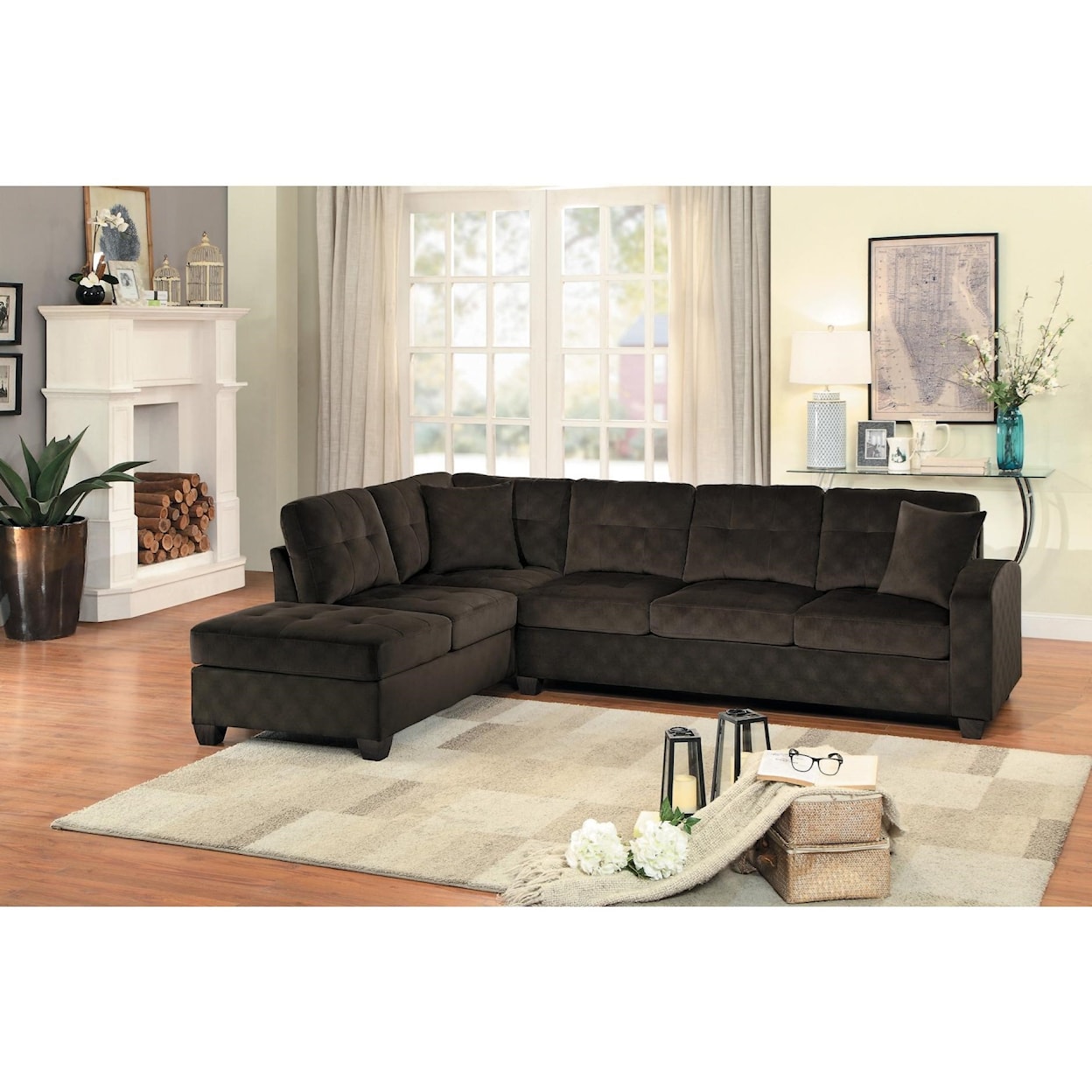Homelegance Furniture Emilio Two Piece Sectional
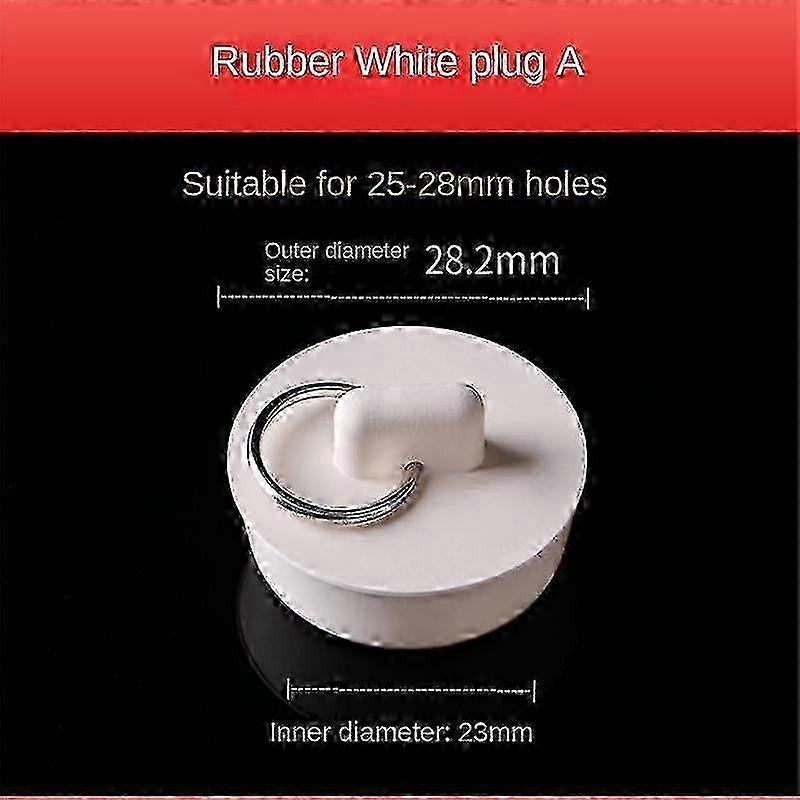 Durable Rubber Bathtub Plug for Sink, Pool, and Laundry Use - Universal Fit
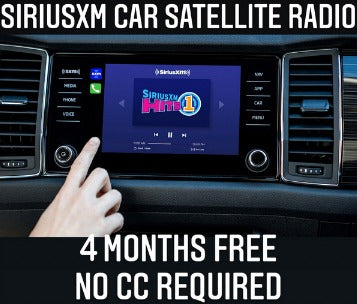 Get 3 Months of SiriusXM Radio For Free! (No Credit Card Required)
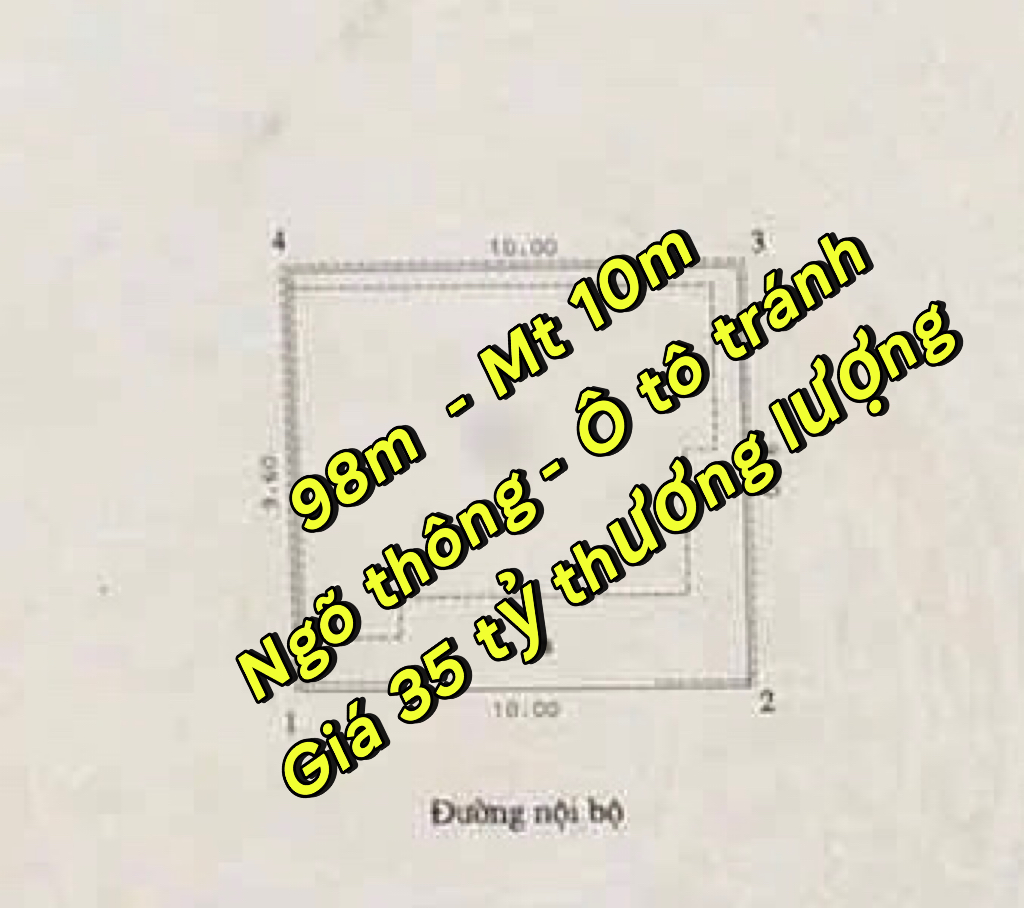 Bán Đất Tặng nhà 3 tầng Hoàng Quốc Việt - Cầu Giấy - 98m - Mặt Tiền 10m - 35 tỷ - ngõ thông - Ô Tô tránh - sổ Vuông. Liên hệ - 0978900664.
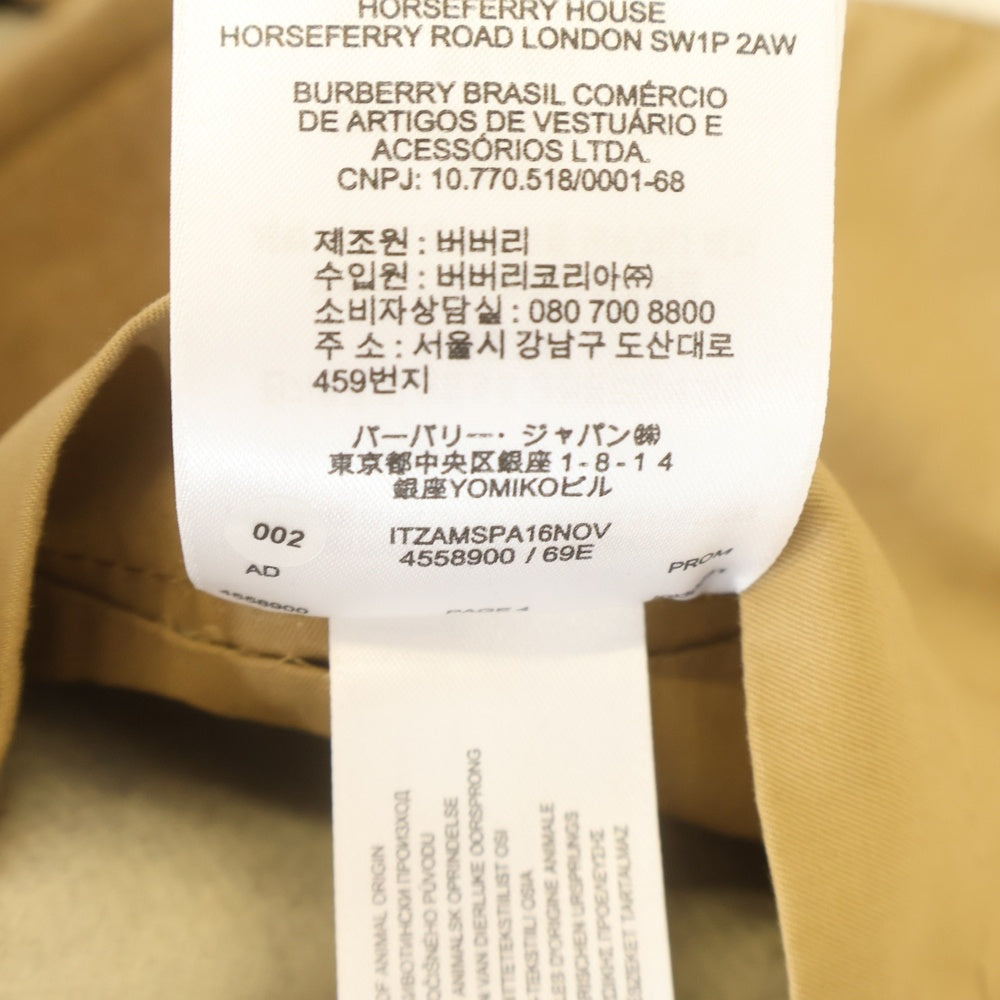 BURBERRY(バーバリー) チェック総柄 ウール ダッフルコート ベージュ/ブラウン 4558900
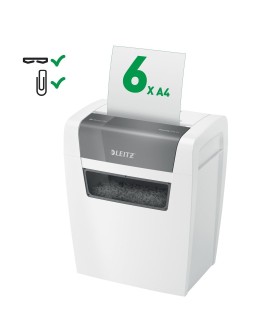Leitz Niszczarka IQ Home, P4, 6 kartek, 15 l kosz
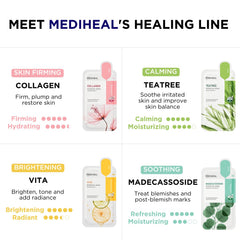 Mediheal Tea Tree Essential Mask helps soothe irritation and balance the skin.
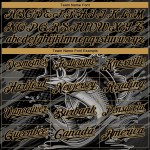 Custom Black Old Gold Largemouth Bass Fish Fishing 3D Bomber Full-Snap Varsity Letterman Hoodie Jacket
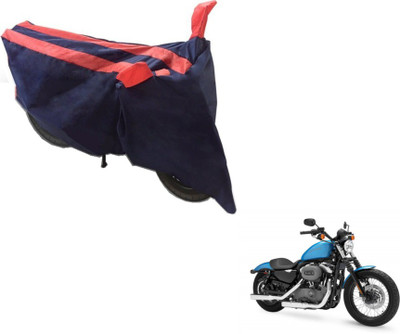 MOCKHE Two Wheeler Cover for Harley Davidson(XL 1200, Black, Orange)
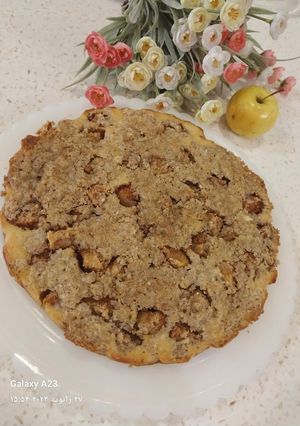 عکسی از دستور کرامبل سیب و گردو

==================================================

When you give the entries again, keep them exact and omit any picture they contain.

_RESPONSE AREA_
Homelegance Furniture Emilio Two Piece Sectional
 Durable Rubber Bathtub Plug for Sink, Pool, and Laundry Use - Universal Fit
 Get 3 Months of SiriusXM Radio For Free! (No Credit Card Required)
 Bán Đất Tặng nhà 3 tầng Hoàng Quốc Việt - Cầu Giấy - 98m - Mặt Tiền 10m - 35 tỷ - ngõ thông - Ô Tô tránh - sổ Vuông. Liên hệ - 0978900664.
 BURBERRY(バーバリー) チェック総柄 ウール ダッフルコート ベージュ/ブラウン 4558900
Leitz Niszczarka IQ Home, P4, 6 kartek, 15 l kosz
 Mediheal Tea Tree Essential Mask helps soothe irritation and balance the skin.
 Custom Black Old Gold Largemouth Bass Fish Fishing 3D Bomber Full-Snap Varsity Letterman Hoodie Jacket
 MOCKHE Two Wheeler Cover for Harley Davidson(XL 1200, Black, Orange)
 عکسی از دستور کرامبل سیب و گردو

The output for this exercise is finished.